Saturday, June 27. WFH: DAY 78. All day, I sifted through files recovered from my C Drive in search of the lost ones associated with (or, rather, now, disassociated from) from two compositional session folders. Mercifully, I’d found a complete mixdown of the first composition. It would, at the very least, provide me with an aural template for reconstructing a second version of the piece, should necessity commission me to make one. There were numerous file samples unearthed related to the second composition. My losses were not, now, irrevocable. Thereafter, I began a deep search of my 3TB D Drive.
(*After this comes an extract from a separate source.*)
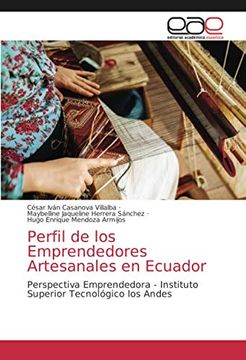 portada Perfil de los Emprendedores Artesanales en Ecuador: Perspectiva Emprendedora - Instituto Superior Tecnológico los Andes
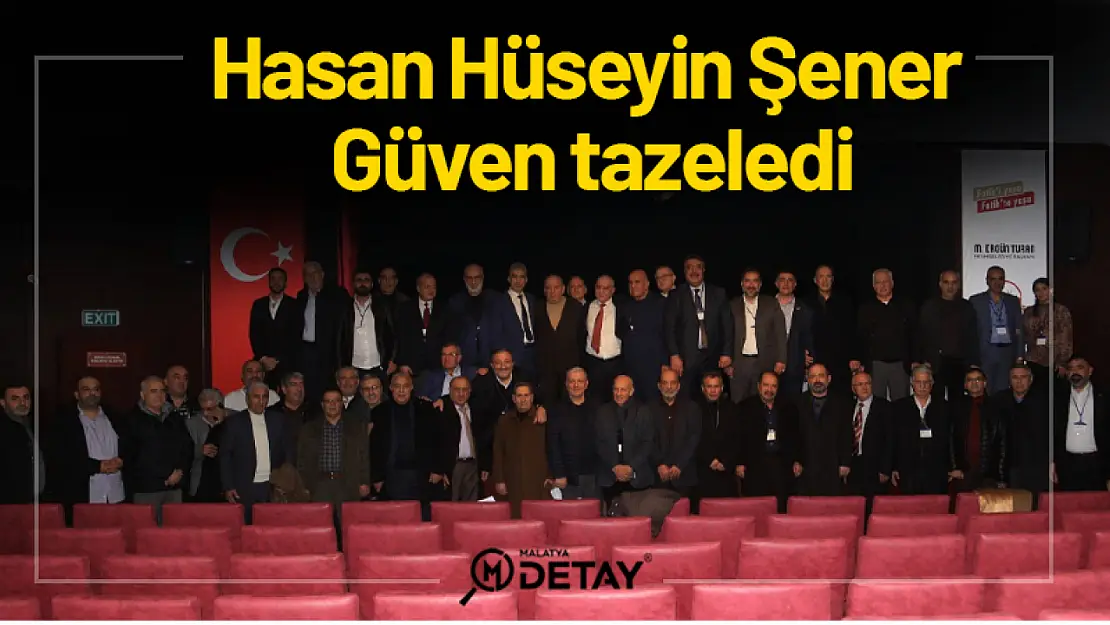 Hasan Hüseyin Şener güven tazeledi...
This would take 33 hours to complete.
Sunday, June 28. I’ll miss being able to drink a cup of tea when ‘normal services’ resume. (Perhaps I should take a flask to church in the future.) One of today’s contributors to the Church of England’s provision displayed a Noddy alarm clock on her mantelpiece. ‘I had one of those! I had one of those!, I enthused.
Monday, June 27. WFH: DAY 79. 8.15 am: A communion. 8.45 pm: A review of the inbox. 9.00 am: Provisional marks for the modules that I coordinate were released. 10.00 am: I participated in an online training hour for the virtual Open Day in a week’s time:
11.00 am: Cup-of-tea#3 and a return to the inbox. In the background of admin (undergraduate and postgraduate), I began reviewing and renaming the audio files recovered from Drive D. Reconstructing the second composition from the session schemata will be like gluing together a vase that has shattered into 70 or more pieces. I read, over the weekend, that the score to J.S. Bach’s St Mark’s Passion had been, at some point in its history, entirely lost. No back up. No score-restore facility. Forever gone … until, perhaps, someone finds it. I’m blessed to be losing sounds in the 21st century. 12.00 pm: Our younger son gave us a phone-cam tour of his new home. ‘Everyone an estate agent’ … to adapt one of Josef Beuys’ maxims.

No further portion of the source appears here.